La fécondité des familles recomposées au Danemark et en France : résultats d'une étude préliminaire fondée sur deux échantillons de très grande taille

the Monday 01 March 2004 at l'INED.

Laurent TOULEMON (INED) et Lisbeth B. KNUDSEN (Aalborg University)

Au sein des familles recomposées, plusieurs définitions du nombre d’enfants sont possibles : enfants communs aux deux membres du couple, enfants de l’homme, de la femme. L’étude de la fécondité des familles recomposées permet de mettre à l’épreuve de nombreuses hypothèses quant à l’utilité des enfants pour les couples, les femmes et les hommes. Comme les enfants restent le plus souvent avec leur mère en cas de rupture du couple parental, la plupart des beaux-enfants vivent avec leur mère et un beau-père, et peu vivent avec leur père et une belle-mère. La portée des travaux fondés sur les enquêtes sur la fécondité et la famille (Fertility and family surveys, FFS) ou sur des enquêtes équivalentes est limitée par la taille des échantillons de ces enquêtes ; en particulier il est possible de décrire les variations de la fécondité des couples en tenant compte de l’existence de beaux-enfants, mais on ne peut distinguer selon que les beaux-enfants sont des enfants de l’homme ou de la femme, ou qu’ils vivent avec le couple ou ailleurs.
L’enquête Étude de l’historie familiale a été conduite en France dans le cadre du recensement de 1999, auprès d’un large échantillon d’homme et de femme (380 000 personnes âgées de 18 ans ou davantage). Les dates de naissance, d’arrivée et de départ des enfants et beaux-enfants (enfants d’un conjoint que la personne déclare avoir élevés) y sont précisées.

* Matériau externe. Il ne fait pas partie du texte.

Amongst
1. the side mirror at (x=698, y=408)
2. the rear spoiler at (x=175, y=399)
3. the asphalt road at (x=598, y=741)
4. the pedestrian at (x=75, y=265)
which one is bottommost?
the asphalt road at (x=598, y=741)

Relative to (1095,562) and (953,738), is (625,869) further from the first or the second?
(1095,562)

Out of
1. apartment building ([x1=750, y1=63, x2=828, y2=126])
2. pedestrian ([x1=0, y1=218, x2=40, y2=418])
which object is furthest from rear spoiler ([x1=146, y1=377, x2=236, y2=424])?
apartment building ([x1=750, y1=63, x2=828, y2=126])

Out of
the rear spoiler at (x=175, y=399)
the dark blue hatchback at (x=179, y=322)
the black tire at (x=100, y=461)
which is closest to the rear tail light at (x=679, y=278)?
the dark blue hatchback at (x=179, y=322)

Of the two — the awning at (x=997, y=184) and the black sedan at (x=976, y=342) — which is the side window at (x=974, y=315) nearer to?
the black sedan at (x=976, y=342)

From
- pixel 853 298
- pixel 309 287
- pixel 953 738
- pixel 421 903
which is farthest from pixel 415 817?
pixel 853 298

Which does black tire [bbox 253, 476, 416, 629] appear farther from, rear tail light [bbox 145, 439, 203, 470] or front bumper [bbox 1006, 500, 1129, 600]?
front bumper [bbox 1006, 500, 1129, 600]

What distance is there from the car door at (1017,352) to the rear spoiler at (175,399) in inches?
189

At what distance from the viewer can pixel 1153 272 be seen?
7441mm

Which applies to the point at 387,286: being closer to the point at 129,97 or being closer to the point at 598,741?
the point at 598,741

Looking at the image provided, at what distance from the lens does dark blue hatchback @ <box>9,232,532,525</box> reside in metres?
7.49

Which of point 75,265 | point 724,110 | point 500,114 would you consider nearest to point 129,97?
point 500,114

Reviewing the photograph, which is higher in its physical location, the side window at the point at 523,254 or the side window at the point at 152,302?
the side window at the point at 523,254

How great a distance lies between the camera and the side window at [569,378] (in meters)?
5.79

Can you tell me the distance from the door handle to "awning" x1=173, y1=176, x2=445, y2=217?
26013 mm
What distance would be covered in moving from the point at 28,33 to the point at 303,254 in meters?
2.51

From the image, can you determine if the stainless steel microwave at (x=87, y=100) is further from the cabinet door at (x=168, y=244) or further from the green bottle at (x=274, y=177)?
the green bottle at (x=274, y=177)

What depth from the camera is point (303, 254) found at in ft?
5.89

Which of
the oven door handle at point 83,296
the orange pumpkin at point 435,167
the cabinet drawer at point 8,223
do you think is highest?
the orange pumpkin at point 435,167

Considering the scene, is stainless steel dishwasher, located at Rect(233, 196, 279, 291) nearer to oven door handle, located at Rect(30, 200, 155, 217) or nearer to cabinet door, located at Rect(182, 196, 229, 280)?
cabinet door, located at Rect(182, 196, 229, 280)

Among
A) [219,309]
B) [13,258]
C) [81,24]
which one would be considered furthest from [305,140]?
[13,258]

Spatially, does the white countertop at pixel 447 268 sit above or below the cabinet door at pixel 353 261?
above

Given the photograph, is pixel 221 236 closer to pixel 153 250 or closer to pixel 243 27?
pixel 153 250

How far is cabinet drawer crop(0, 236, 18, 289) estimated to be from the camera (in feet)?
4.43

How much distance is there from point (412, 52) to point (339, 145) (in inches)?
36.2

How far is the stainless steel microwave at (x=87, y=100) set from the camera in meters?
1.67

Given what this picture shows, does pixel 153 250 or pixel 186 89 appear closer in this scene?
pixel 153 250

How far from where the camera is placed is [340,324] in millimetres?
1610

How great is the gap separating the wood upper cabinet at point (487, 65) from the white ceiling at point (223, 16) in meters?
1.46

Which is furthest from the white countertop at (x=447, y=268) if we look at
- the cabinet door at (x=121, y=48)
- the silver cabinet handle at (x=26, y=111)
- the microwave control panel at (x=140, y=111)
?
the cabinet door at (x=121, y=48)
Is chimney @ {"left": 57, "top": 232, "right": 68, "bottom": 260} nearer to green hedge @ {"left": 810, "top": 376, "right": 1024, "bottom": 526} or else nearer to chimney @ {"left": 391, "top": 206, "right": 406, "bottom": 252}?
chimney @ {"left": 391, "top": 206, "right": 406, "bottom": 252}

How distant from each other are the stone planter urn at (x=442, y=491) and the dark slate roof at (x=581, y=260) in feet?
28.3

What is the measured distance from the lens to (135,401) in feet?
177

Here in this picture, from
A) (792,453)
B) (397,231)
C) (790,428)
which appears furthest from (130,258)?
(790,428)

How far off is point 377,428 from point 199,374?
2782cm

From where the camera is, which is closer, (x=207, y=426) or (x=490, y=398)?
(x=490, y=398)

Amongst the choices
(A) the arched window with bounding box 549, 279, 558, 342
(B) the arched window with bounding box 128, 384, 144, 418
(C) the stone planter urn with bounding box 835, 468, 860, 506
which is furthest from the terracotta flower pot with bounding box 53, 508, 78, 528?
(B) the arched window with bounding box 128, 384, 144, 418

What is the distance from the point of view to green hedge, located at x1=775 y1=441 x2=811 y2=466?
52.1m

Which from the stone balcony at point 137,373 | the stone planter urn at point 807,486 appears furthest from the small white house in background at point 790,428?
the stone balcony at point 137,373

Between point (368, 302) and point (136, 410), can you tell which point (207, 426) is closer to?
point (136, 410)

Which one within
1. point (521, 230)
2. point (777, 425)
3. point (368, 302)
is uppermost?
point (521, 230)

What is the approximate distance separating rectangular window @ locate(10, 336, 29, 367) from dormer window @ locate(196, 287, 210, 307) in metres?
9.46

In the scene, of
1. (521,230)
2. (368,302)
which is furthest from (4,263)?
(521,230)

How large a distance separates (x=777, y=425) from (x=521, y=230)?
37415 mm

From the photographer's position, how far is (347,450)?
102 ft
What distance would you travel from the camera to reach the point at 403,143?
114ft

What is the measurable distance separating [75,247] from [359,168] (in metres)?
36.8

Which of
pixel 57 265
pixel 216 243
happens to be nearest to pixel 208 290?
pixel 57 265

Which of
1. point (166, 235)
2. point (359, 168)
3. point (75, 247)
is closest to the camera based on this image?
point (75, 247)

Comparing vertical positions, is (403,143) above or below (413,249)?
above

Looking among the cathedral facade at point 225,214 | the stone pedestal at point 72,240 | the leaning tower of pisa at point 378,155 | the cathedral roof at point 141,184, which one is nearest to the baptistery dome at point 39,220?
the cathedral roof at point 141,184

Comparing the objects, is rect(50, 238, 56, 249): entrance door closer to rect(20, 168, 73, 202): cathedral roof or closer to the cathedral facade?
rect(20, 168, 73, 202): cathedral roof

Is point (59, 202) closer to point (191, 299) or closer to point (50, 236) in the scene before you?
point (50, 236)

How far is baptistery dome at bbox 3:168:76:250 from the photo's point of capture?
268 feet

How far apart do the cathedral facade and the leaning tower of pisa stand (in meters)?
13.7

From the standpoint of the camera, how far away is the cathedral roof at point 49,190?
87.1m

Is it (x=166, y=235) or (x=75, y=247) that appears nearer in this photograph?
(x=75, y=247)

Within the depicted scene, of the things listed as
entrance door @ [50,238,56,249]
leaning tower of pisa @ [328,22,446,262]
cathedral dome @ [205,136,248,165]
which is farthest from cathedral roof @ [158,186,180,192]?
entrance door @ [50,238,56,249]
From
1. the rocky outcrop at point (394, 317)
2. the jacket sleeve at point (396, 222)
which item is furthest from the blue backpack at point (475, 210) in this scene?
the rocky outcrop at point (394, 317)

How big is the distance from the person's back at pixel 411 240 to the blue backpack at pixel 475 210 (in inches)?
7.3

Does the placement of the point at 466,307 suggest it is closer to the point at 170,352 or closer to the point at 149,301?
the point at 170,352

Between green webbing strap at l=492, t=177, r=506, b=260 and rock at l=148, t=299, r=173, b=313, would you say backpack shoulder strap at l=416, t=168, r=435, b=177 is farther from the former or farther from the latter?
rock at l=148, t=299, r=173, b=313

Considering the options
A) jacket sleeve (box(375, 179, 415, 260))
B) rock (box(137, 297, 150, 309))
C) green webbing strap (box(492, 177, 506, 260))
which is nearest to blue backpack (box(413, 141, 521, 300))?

Pour le Danemark, le registre de population fournit une information sur la situation familiale de 1 300 000 femmes âgées de 15 à 49 ans. Chaque année, on connaît le nombre d’enfants et de beaux-enfants de la femme, selon qu’ils vivent ou non avec elle, ainsi que la présence d’un conjoint.
Ces deux fichiers offrent la possibilité d’étudier la fécondité des familles recomposées en tenant compte à la fois de l’histoire féconde des deux conjoints et de certaines caractéristiques sociodémographiques. La fécondité est mesurée à l’aide de modèles de durées, fondées sur la durée de vie en couple pour les couples n’ayant pas d’enfants en commun, et sur l’âge du plus jeune enfant pour les autres. On peut ainsi mesurer les variations de la fécondité selon la présence et le nombre des beaux-enfants de l’homme ou de la femme, vivant avec le couple ou non. Les informations sur la date de mise en couple et l’age des deux conjoints, ainsi que leurs niveaux d’études, peuvent également être prises en compte.


Des travaux précédents ont montré que la fécondité des couples variait surtout avec le nombre d’enfants de la femme, et peu avec le nombre d’enfants que l’homme a eu avant l’union. Les effectifs étaient trop faibles pour séparer cet effet de la différence entre enfants vivant avec le couple ou non.
Les mêmes hypothèses sont testées sur les données françaises et danoises. Le registre danois utilise une définition administrative des enfants et de leur résidence, tandis que les échantillons d’hommes et de femmes vivant en France s’appuient sur les réponses des personnes quant à leurs nombres d’enfants et de beaux-enfants et leur lieu de résidence. Quand l’homme seul a eu un enfant né avant le couple, la fécondité du couple est augmentée ; à l’inverse, quand les deux conjoints ont eu des enfants avant l’union ou quand le couple a déjà un enfant en commun, la fécondité du couple est plus faible. Des modèles plus détaillés conduisent à des résultats compliqués et instables. Les variations dues à la présence des beaux-enfants de l’homme ou de la femme, résidant ou non avec le couple, unique ou nombreux, ne s’additionnent pas ; pour la France, les résultats déduits des réponses des hommes sont incohérents avec ceux déduits des réponses des femmes ; pour le Danemark les résultats sont encore différents.